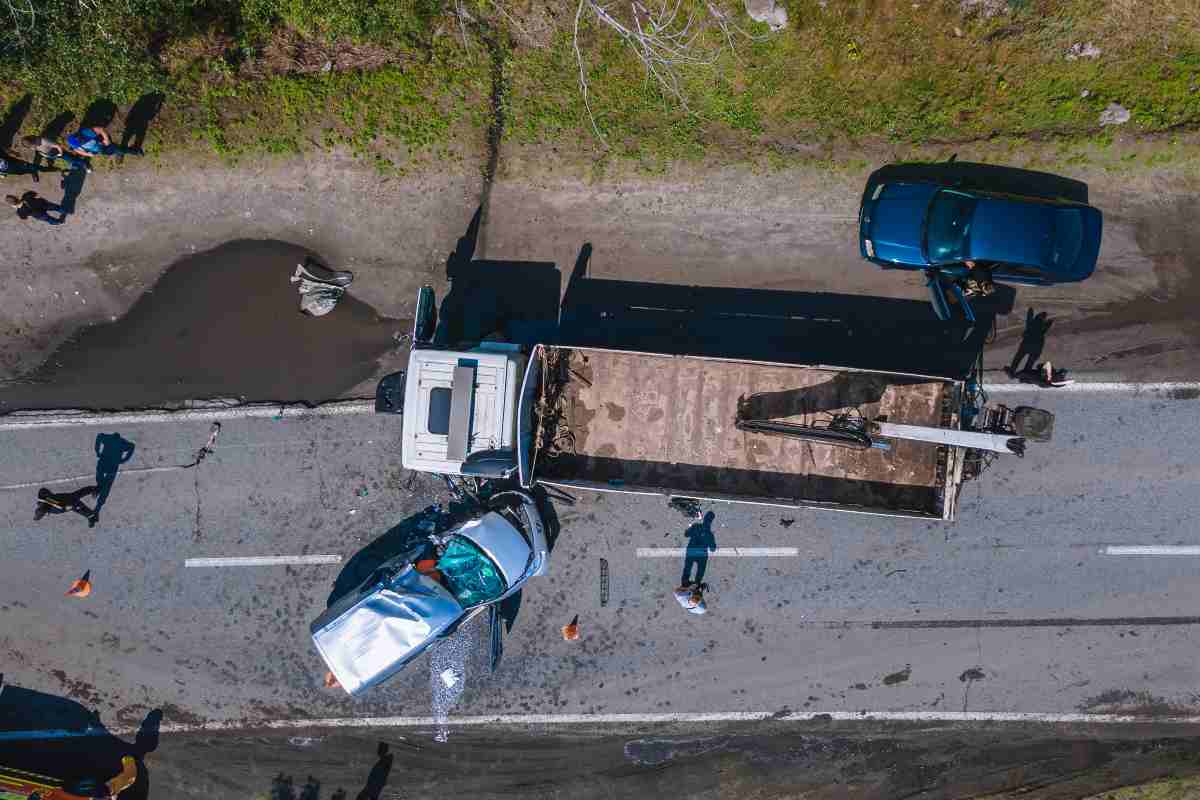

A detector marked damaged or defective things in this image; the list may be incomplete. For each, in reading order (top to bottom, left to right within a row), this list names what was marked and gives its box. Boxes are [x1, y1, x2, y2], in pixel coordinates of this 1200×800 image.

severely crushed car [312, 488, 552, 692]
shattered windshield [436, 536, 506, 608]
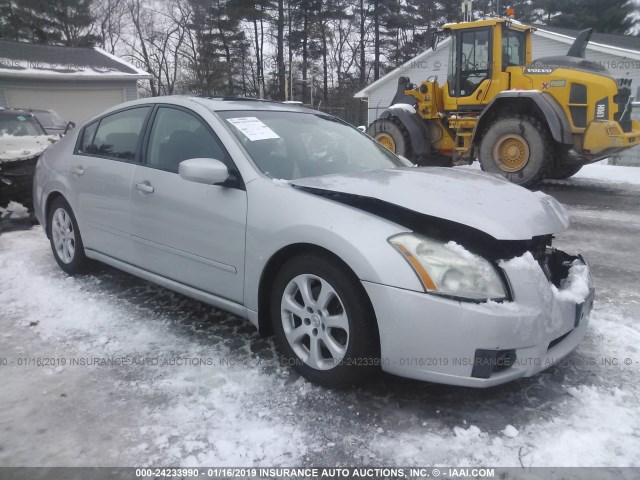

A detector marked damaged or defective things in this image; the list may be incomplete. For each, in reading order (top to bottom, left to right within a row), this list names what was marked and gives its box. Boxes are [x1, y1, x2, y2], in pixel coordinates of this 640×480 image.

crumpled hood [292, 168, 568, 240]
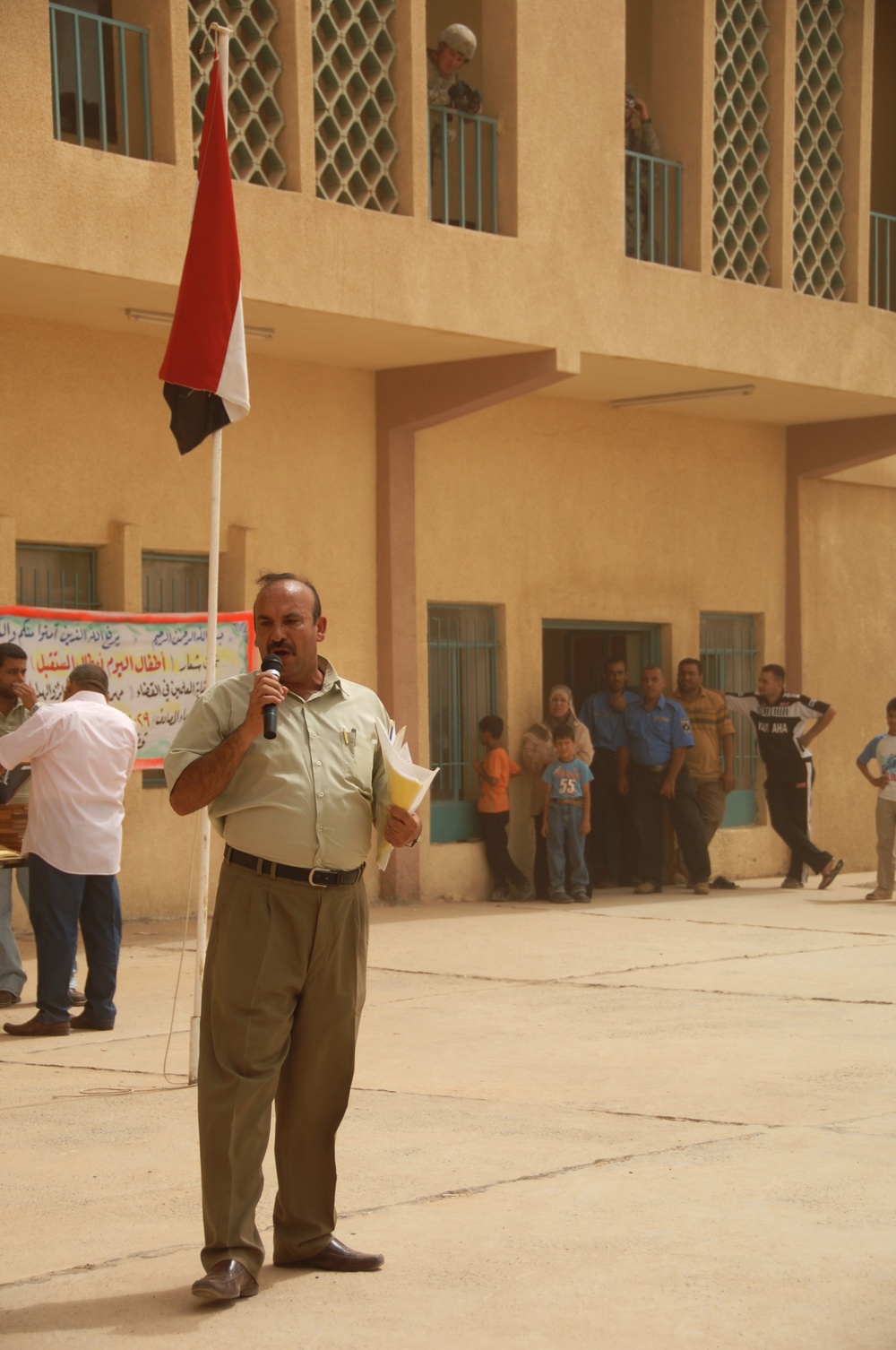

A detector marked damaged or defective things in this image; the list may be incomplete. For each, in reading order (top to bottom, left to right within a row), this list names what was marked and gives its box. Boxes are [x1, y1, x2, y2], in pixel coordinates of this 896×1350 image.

+++

— Work instructions —
For every record above, repeat the text exactly and omit any picture.

— Answer space —
A detector marked damaged or defective things in this image; the list may be incomplete. For each, in reading order (top to bottom, left to right within a row), this list names what was marked and gives its box. Boxes are [x1, y1, x2, y2], in pixel coordinates of this 1200×800 image.

severely crushed car [312, 488, 552, 692]
shattered windshield [436, 536, 506, 608]

A detector marked damaged or defective things in this image; the list may be incomplete. For each, in reading order (top to bottom, left to right within a row), this list names what was marked and gives its box. Boxes are [x1, y1, x2, y2], in pixel coordinates of this 640×480 image.

crumpled hood [292, 168, 568, 240]

A detector marked damaged or defective things in this image; the list may be incomplete. For each, in reading order (top to bottom, left to right within a row), this list names what was marked and gives its box. Boxes are [x1, y1, x2, y2], in pixel coordinates of this 896×1350 image.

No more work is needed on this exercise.